**INFORMATION SUPPLIED**
======
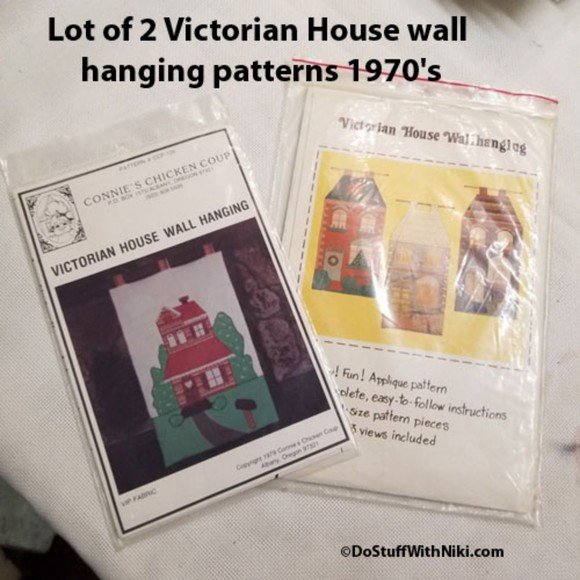 Lot of 2 Victorian House wall hanging patterns 1970's Pat019 - Picture 1 of 6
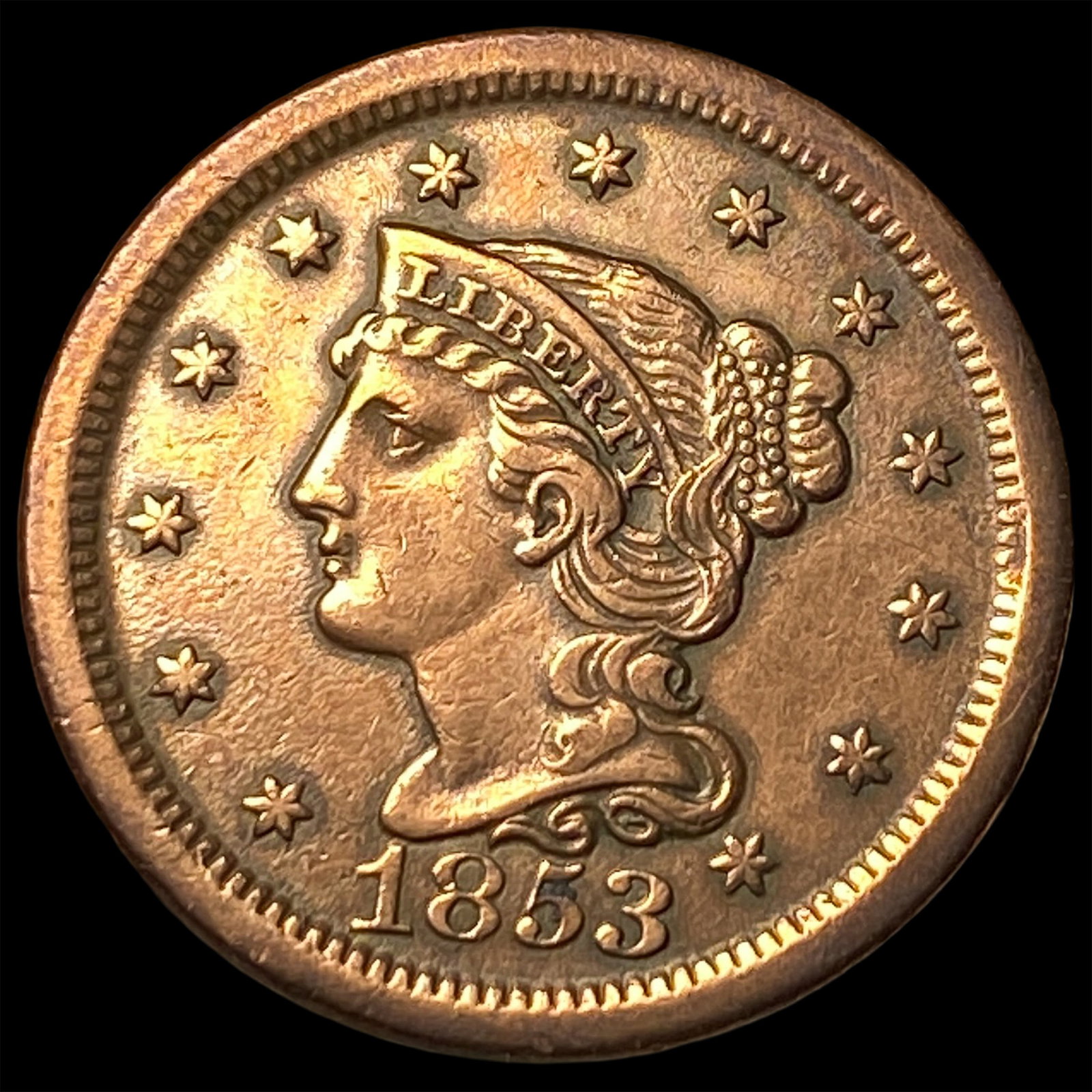 1853 Braided Hair Large Cent NEARLY UNCIRCULATED: 1853 Braided Hair Large Cent NEARLY UNCIRCULATED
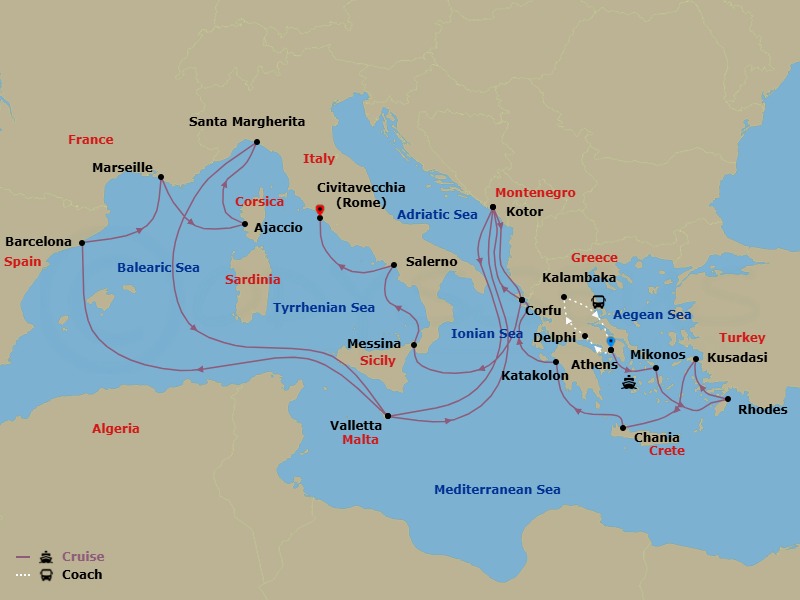 26 Night - Best of Greece - Tour 5G - Enchanted Princess Tours - Starting in Athens (Piraeus), Greece, Delphi, Greece, Kalambaka, Greece, Athens (Piraeus), Greece, Mykonos, Greece, Rhodes, Greece, Kusadasi, Turkey (for Ephesus), Crete (Chania), Greece, Katakolon (for Olympia), Greece, Corfu, Greece, Kotor, Montenegro, Valletta, Malta, Barcelona, Spain, Marseille (Provence), France, Corsica (Ajaccio), France, Santa Margherita, Italy, Valletta, Malta, Kotor, Montenegro, Corfu, Greece, Sicily (Messina), Italy, Amalfi Coast (Salerno), Civitavecchia (for Rome), Italy itinerary map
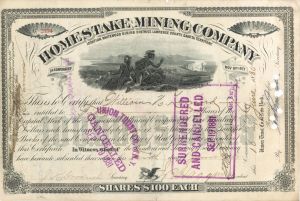 James Ben Ali Haggin signed Homestake Mining Co. - 1880 dated Autograph Mining Stock Certificate (Uncanceled)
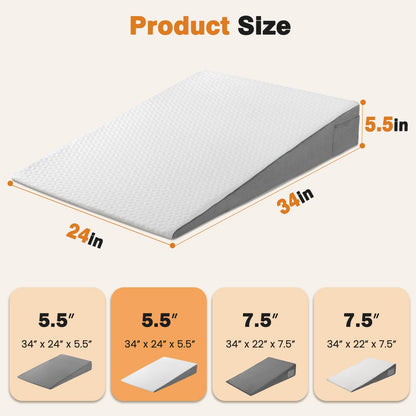 Vekkia King Bed Wedge Pillow for Headboard Gap, 0–6" Gap Filler with Side Pockets & Washable Cover, Gray 76"x10"x6"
======
**PROBLEM DESCRIPTION**
Find the line that contains "1853 Braided Hair Large Cent NEARLY UNCIRCULATED: 1853". Reproduce it and every later line of the records exactly, minus the pictures.

**RESPONSE TO THIS EXERCISE**
 1853 Braided Hair Large Cent NEARLY UNCIRCULATED: 1853 Braided Hair Large Cent NEARLY UNCIRCULATED
 26 Night - Best of Greece - Tour 5G - Enchanted Princess Tours - Starting in Athens (Piraeus), Greece, Delphi, Greece, Kalambaka, Greece, Athens (Piraeus), Greece, Mykonos, Greece, Rhodes, Greece, Kusadasi, Turkey (for Ephesus), Crete (Chania), Greece, Katakolon (for Olympia), Greece, Corfu, Greece, Kotor, Montenegro, Valletta, Malta, Barcelona, Spain, Marseille (Provence), France, Corsica (Ajaccio), France, Santa Margherita, Italy, Valletta, Malta, Kotor, Montenegro, Corfu, Greece, Sicily (Messina), Italy, Amalfi Coast (Salerno), Civitavecchia (for Rome), Italy itinerary map
 James Ben Ali Haggin signed Homestake Mining Co. - 1880 dated Autograph Mining Stock Certificate (Uncanceled)
 Vekkia King Bed Wedge Pillow for Headboard Gap, 0–6" Gap Filler with Side Pockets & Washable Cover, Gray 76"x10"x6"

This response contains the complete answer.